When an employee is furloughed, they should be informed by their employer by a written letter explaining what they’re doing and why. It’s also necessary for an employer to receive written consent of the furloughing from their employees.
Because of the pressure and financial strain felt by numerous UK businesses, the Government announced a raft of COVID-19 grants and support to help them cope, including the Coronavirus Job Retention Scheme.
With an aim to avoid redundancies, the scheme will pay 80% of furloughed workers’ wage bills up to £2,500 per month backdated from 1 March until the end of June. The scheme will also cover employer National Insurance payments, in addition to pension contributions for the minimum mandatory contribution of 3% of an employee’s earnings.
Employers need to decide whether they will pay the remaining 20% of furloughed workers’ wages and any additional pension contributions they were previously paying. However, they are not legally required to.
Through the Coronavirus Job Retention Scheme, employers can claim for staff who were on their PAYE payroll on or before 19 March 2020. PAYE payroll submissions need to have been completed before that date through HMRC’s government gateway portal. This rule is causing directors with annual payroll schemes and new employees who first got paid after this date to fall through the gaps.
The employees who are eligible to be furloughed through his scheme can be on any type of employment contract, including:
Full-time and part-time employees
Flexible and temporary workers
Workers on zero-hour contracts
Only employees who are no longer carrying out any work can be furloughed through the scheme.

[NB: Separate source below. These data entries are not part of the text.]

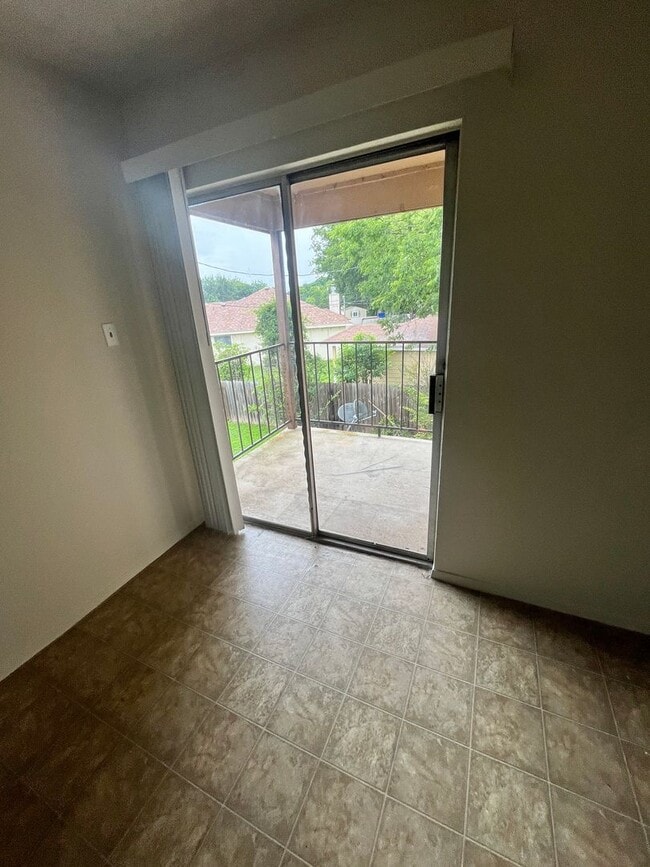 Photo - Cedarhill Apartments Unit D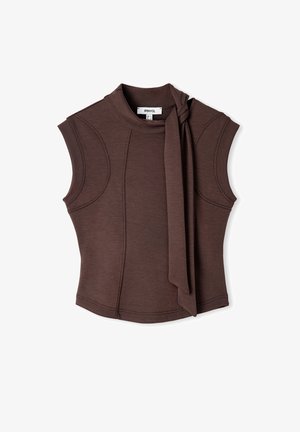 Top sin mangas marrón con un cuello alto, que presenta un detalle atado en un lado. Hecho de una tela suave con líneas de costura sutiles.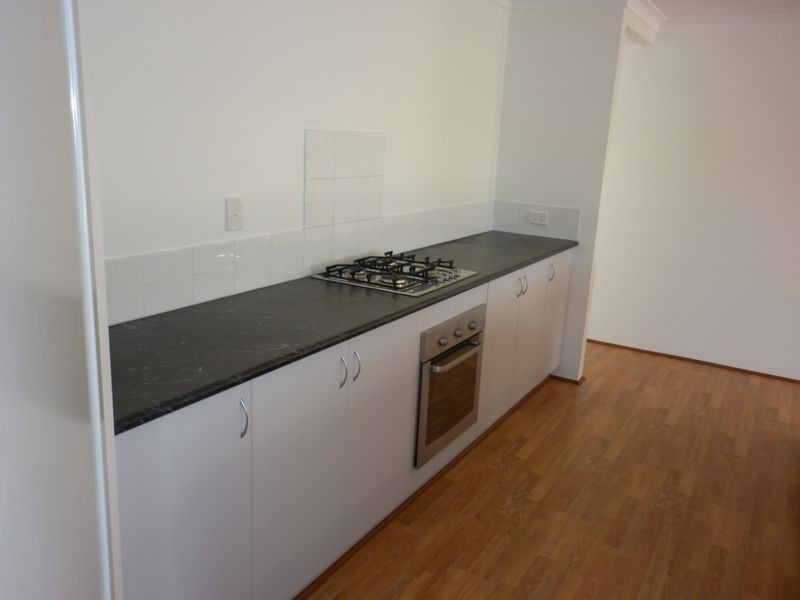 2 Garret Corner, Parmelia WA 6167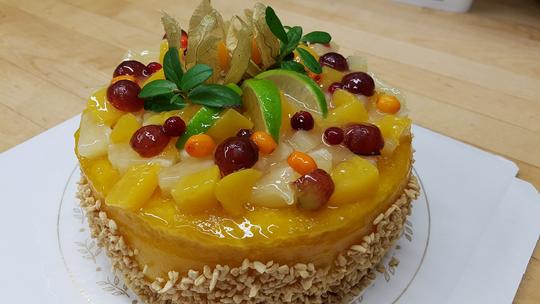 Hedelm&auml;t&auml;ytekakku kreemill&auml;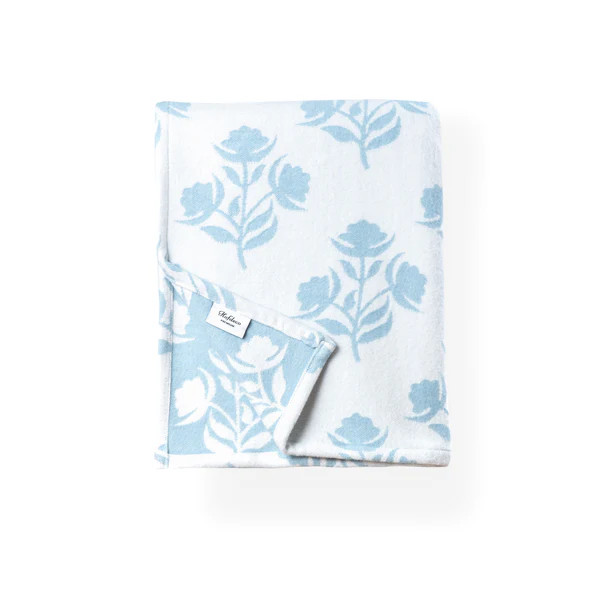 Coastal Throw Blanket, Floral with Piping, Baby Blue, 47"x65" | Hofdeco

However, there is some flexibility with directors and managers still being allowed to carry out statutory duties, such as filing annual reports.
Furloughs need to last at least three weeks, but employees can be moved in and out of furlough. An employer can also re-employ recently departed staff, including redundancies, who left the company on or after 28 February 2020, in order to put them on furlough and help them be eligible for this scheme. However, they would have still needed to be on the company’s HMRC PAYE payroll submissions before 19 March 2020.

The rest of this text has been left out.